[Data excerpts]
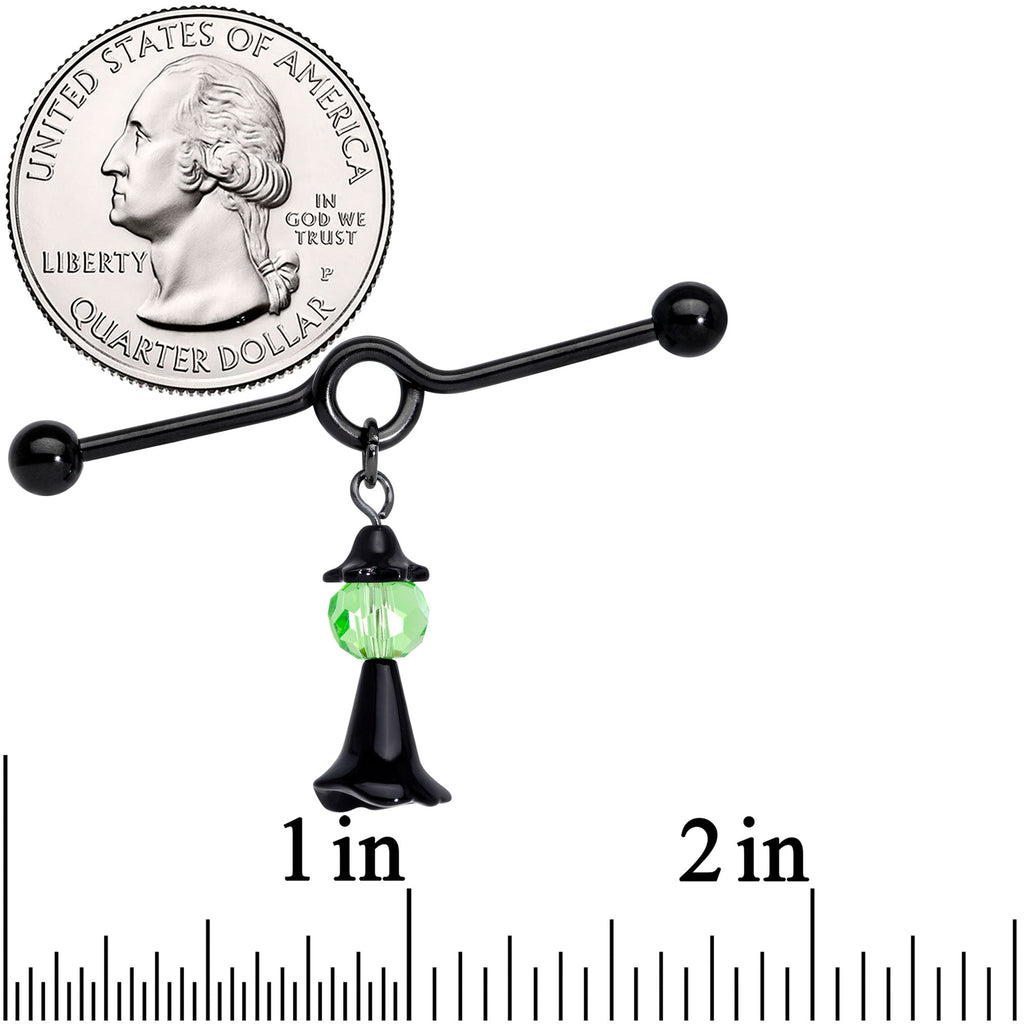 BodyCandy 14G Green Gem Black Witch Halloween Dangle Project Bar 38mm — detail close-up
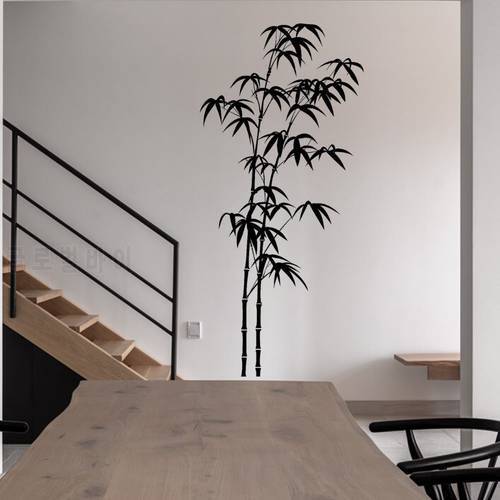 New Chinese Bamboo Wall Decal Silhouette Art Sticker Nature Trees And Flowers Home Living Room Decoration A001927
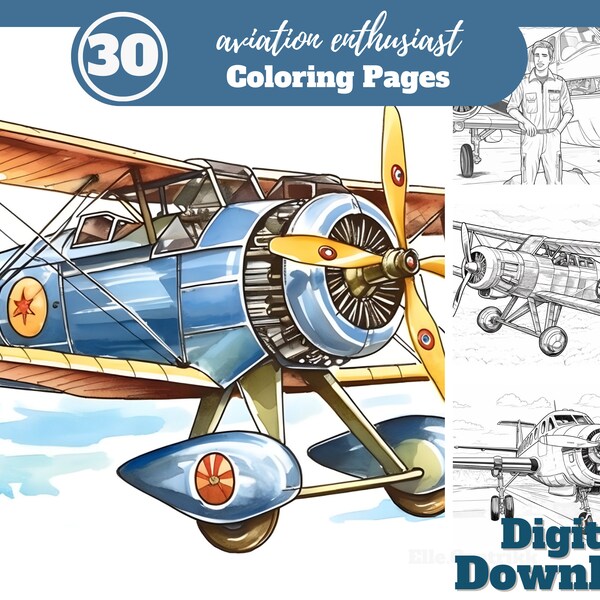 Luftfahrt Enthusiast Malseiten Set - 30 Malseiten - Färbung für Männer - Digitaler Download - Flugzeuge Malvorlagen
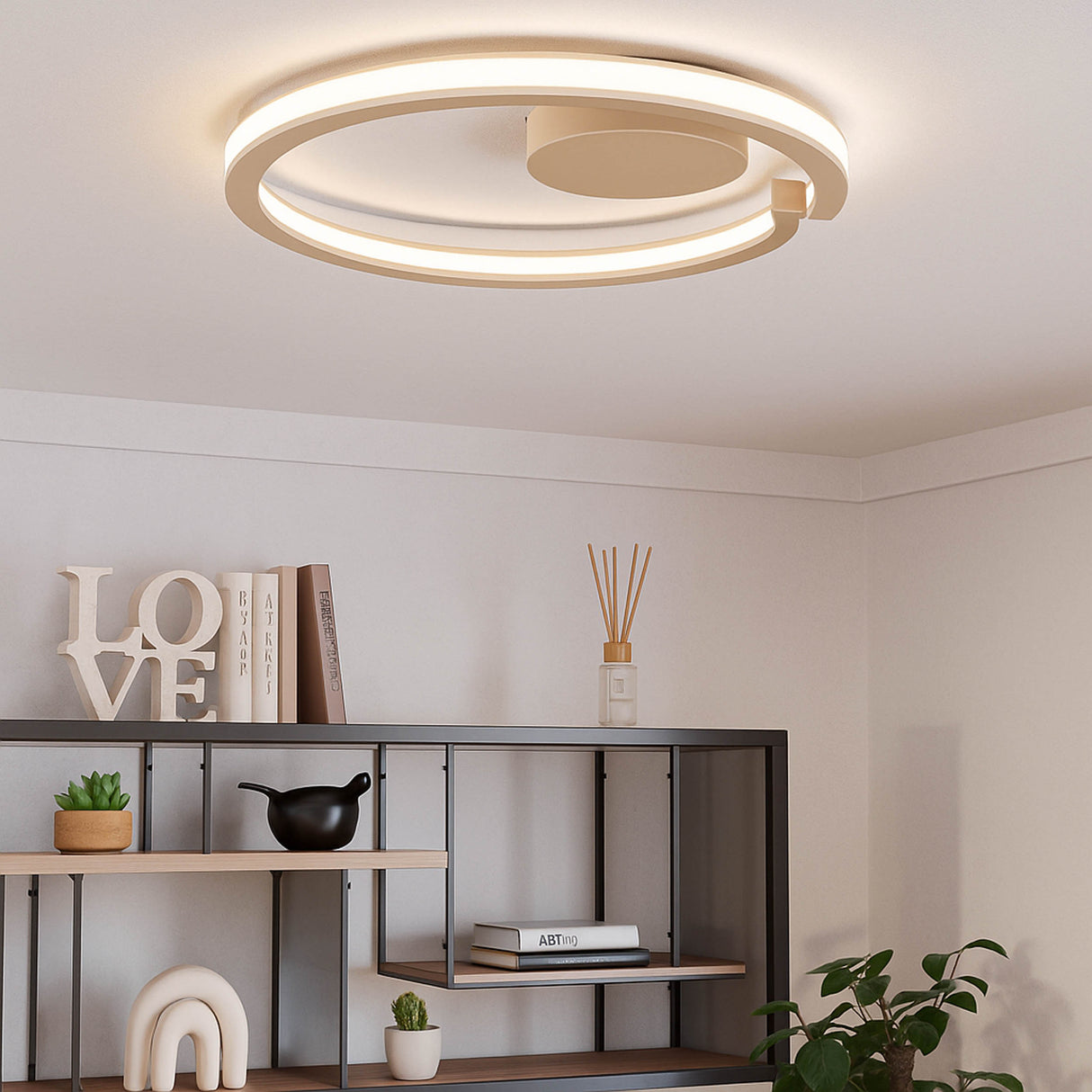 Eglo EU Mezzomonte LED Ceiling Light 48cm Circular Sandy, Tuneable White and Dimmable with Remote Control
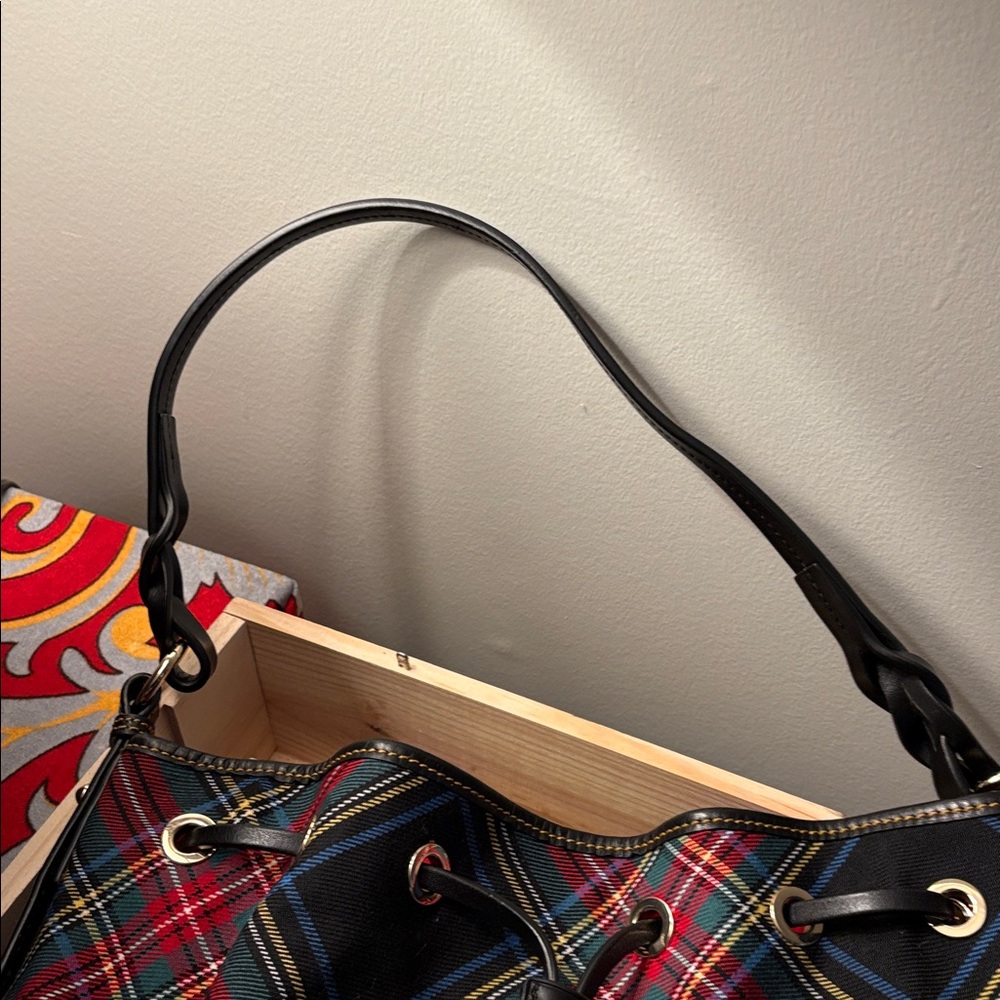 Dooney & Bourke Tartan Drawstring Bag - Red, Blue, Yellow - Picture 7 of 7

» **DIRECTIONS**
Would you repeat the entries exactly, keeping the images out?

» **TASK OUTPUT**
 BodyCandy 14G Green Gem Black Witch Halloween Dangle Project Bar 38mm — detail close-up
 New Chinese Bamboo Wall Decal Silhouette Art Sticker Nature Trees And Flowers Home Living Room Decoration A001927
 Luftfahrt Enthusiast Malseiten Set - 30 Malseiten - Färbung für Männer - Digitaler Download - Flugzeuge Malvorlagen
 Eglo EU Mezzomonte LED Ceiling Light 48cm Circular Sandy, Tuneable White and Dimmable with Remote Control
 Dooney & Bourke Tartan Drawstring Bag - Red, Blue, Yellow - Picture 7 of 7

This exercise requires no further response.